This Washington Post article discusses how some chefs won’t change their dishes at the request of a patron, whether it’s for dietary reasons or simple preference. Though the article doesn’t mention vegetarians, this is something that we deal with anytime we’re eating out at a non-veggie restaurant.
I’m of the mindset that if you’re extremely picky (close-minded) about your food and how it’s served, you shouldn’t be eating at a restaurant. Especially nice ones. If you have well-trained chefs, trust their taste and try what they has to offer. At the same time, I also believe that chefs should have a little bit of flexibility, when it’s reasonable.

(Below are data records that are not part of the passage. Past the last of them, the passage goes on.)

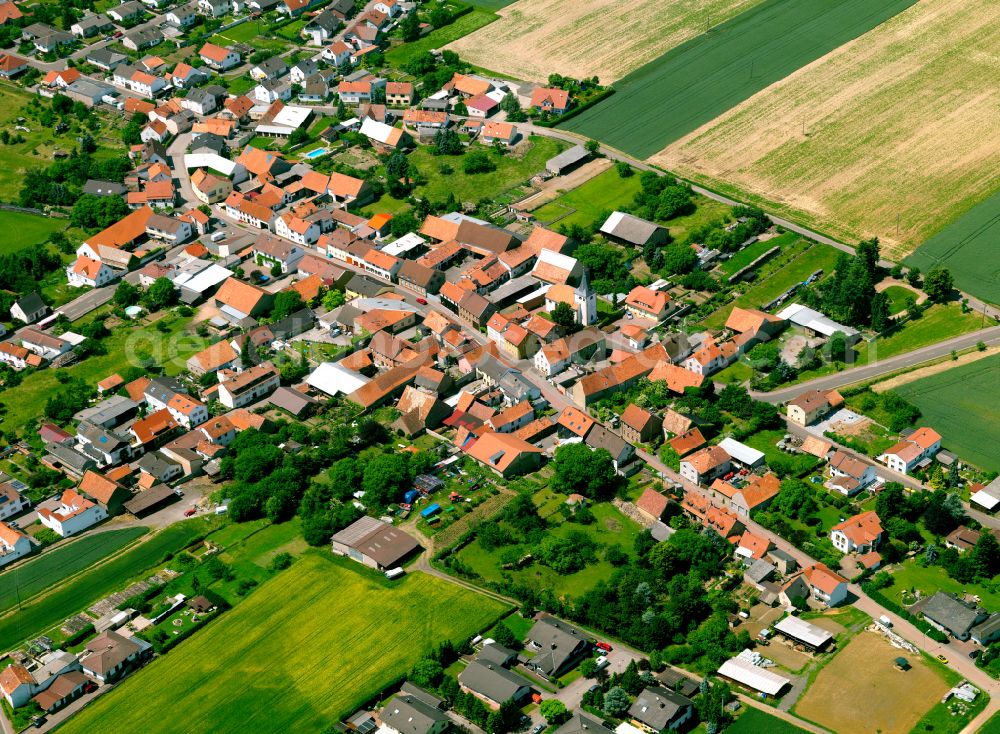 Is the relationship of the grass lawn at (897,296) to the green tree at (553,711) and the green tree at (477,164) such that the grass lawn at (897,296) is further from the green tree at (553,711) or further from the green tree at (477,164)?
the green tree at (553,711)

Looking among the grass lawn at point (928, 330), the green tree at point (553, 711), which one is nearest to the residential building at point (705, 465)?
the grass lawn at point (928, 330)

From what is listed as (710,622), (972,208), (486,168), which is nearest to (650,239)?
(486,168)

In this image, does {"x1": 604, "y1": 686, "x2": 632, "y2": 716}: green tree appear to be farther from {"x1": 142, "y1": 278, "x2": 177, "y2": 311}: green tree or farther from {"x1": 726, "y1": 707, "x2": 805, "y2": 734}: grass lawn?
{"x1": 142, "y1": 278, "x2": 177, "y2": 311}: green tree

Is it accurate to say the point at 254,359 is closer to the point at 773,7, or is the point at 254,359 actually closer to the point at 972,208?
the point at 972,208

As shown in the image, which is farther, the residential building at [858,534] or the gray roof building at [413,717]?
the residential building at [858,534]

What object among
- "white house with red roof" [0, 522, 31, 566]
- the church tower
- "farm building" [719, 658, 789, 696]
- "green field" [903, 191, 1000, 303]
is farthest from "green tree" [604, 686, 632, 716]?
"green field" [903, 191, 1000, 303]

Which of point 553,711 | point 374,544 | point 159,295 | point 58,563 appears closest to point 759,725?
point 553,711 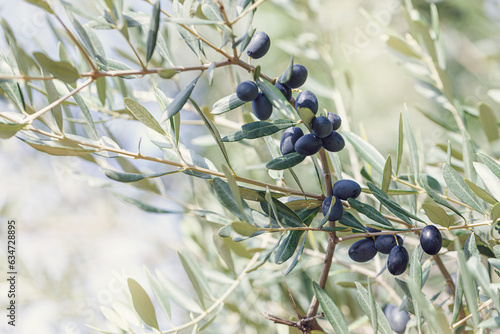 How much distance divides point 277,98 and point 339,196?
13 centimetres

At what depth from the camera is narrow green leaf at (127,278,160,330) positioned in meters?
0.52

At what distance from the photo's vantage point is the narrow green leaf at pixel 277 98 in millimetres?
408

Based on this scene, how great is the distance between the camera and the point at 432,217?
0.47 metres

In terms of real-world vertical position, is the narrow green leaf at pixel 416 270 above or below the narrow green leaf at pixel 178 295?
above

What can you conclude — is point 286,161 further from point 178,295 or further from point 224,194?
point 178,295

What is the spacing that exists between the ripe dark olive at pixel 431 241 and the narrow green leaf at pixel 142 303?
325 mm

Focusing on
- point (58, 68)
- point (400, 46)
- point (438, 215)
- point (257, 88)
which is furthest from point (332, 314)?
point (400, 46)

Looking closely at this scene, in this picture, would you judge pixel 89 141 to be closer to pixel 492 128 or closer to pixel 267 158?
pixel 267 158

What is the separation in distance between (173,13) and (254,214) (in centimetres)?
23

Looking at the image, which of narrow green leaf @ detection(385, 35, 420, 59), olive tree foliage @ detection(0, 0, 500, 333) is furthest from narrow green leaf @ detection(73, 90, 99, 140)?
narrow green leaf @ detection(385, 35, 420, 59)

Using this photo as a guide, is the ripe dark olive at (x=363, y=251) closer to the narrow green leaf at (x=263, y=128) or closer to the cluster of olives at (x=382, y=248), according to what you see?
the cluster of olives at (x=382, y=248)

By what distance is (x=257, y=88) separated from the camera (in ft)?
1.46

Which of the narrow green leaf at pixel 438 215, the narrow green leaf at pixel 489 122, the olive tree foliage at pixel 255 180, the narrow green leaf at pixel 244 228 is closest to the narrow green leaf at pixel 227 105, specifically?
the olive tree foliage at pixel 255 180

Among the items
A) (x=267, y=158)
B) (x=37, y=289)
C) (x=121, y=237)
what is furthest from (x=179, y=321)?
(x=267, y=158) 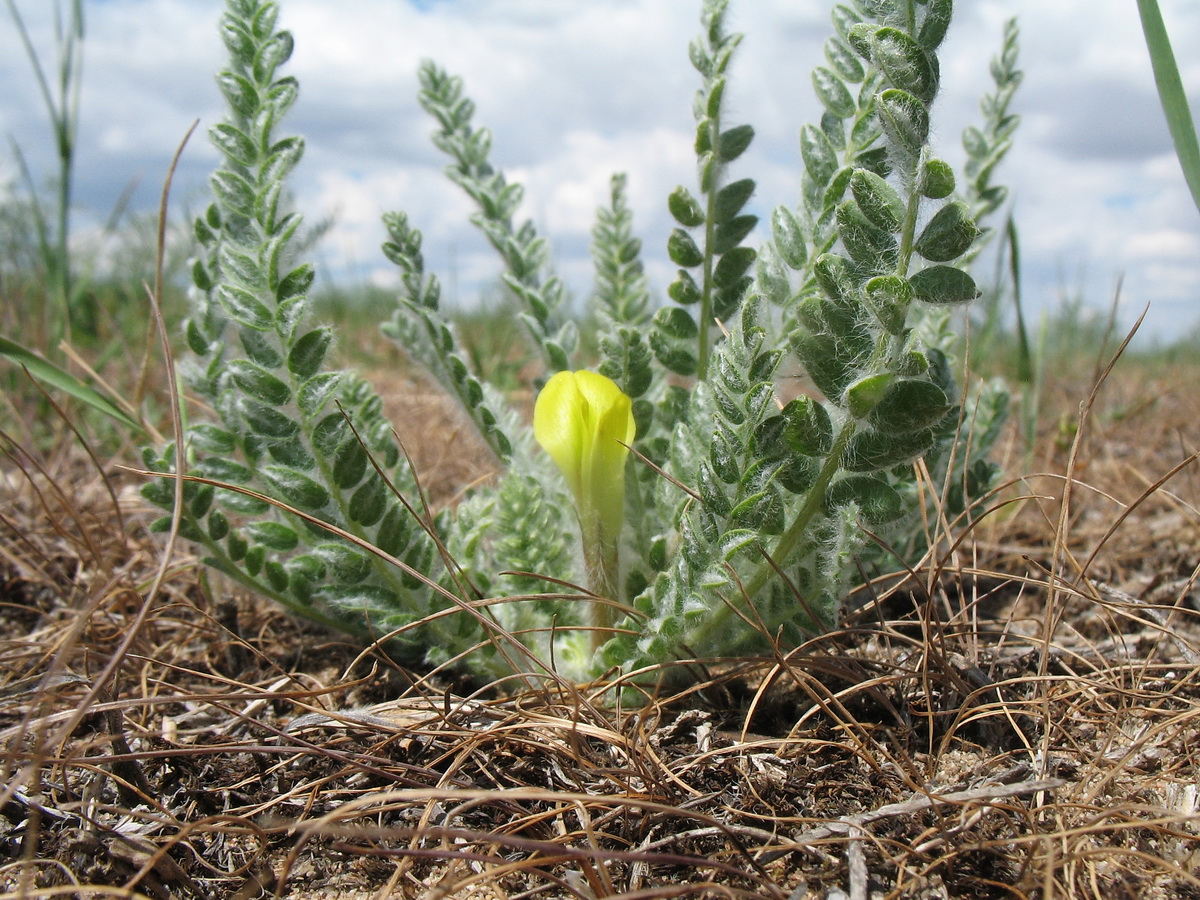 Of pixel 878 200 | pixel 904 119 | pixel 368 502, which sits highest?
pixel 904 119

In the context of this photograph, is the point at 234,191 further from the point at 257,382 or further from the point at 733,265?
the point at 733,265

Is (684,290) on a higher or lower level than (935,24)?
lower

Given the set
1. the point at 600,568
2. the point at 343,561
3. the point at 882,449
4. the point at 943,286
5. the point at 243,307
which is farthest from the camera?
the point at 600,568

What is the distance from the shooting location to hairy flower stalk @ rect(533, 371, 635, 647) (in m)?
1.66

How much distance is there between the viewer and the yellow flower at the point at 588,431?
1660mm

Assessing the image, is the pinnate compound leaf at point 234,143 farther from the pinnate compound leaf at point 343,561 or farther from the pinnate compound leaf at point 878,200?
the pinnate compound leaf at point 878,200

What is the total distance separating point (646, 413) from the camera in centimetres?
208

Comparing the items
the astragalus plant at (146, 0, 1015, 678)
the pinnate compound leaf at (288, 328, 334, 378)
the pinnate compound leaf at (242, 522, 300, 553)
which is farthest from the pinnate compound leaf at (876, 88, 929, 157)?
the pinnate compound leaf at (242, 522, 300, 553)

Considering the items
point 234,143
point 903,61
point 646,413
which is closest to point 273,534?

For instance, if a dish comes with a meat side, then it’s not unreasonable for a vegetarian patron to request a vegetable side in its place. It won’t ruin a dish’s artistic integrity, it’ll please the patron, and it has the added benefit of saving the restaurant money (a bowl of lightly seasoned steamed broccoli will be cheaper than almost any meat-centric side).
As vegetarians, though, I think we need to be conscious of how we come off when we visit a restaurant. It’s one thing to ask whether a particular dish is cooked with chicken broth, it’s quite another to ask a chef to replace the chicken broth with vegetable broth, leave out the Worcestershire sauce, and add tofu in place of chicken chunks. I also don’t think it’s reasonable to ask that your meal be cooked on a surface separate from where meat is cooked… again, if you’re worried so much about personal purity or unavoidable traces, you probably shouldn’t be eating at a restaurant that serves meat. Of course, that’s also a compelling argument for supporting vegetarian restaurants… these things aren’t nearly as much of an issue.

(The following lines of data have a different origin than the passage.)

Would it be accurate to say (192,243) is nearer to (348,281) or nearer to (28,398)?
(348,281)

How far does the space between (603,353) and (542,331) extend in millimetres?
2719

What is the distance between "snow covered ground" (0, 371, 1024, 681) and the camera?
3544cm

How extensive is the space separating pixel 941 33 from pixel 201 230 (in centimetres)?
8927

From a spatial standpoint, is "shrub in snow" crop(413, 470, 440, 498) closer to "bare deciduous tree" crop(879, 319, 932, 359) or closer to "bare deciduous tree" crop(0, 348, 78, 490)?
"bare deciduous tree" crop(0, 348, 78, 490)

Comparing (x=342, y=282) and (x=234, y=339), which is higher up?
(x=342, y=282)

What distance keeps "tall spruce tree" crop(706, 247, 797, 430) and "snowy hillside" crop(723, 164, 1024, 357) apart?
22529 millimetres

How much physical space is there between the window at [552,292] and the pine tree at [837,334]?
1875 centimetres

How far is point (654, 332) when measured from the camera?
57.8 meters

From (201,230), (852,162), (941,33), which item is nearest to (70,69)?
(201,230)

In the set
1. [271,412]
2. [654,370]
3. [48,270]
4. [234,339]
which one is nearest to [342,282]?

Yes, restaurants and businesses in general strive to be customer-centric. However, visits to restaurants are more enjoyable when the customers themselves aren’t too customer-centric. As vegetarians, we’re automatically labeled by many as a hassle not worth dealing with (remember this article where chef Anthony Bourdain referred to vegans as “a persistent irritant to any chef worth a damn”?). It’s in our best interest to be friendly—not confrontational—and flexible without compromising our beliefs.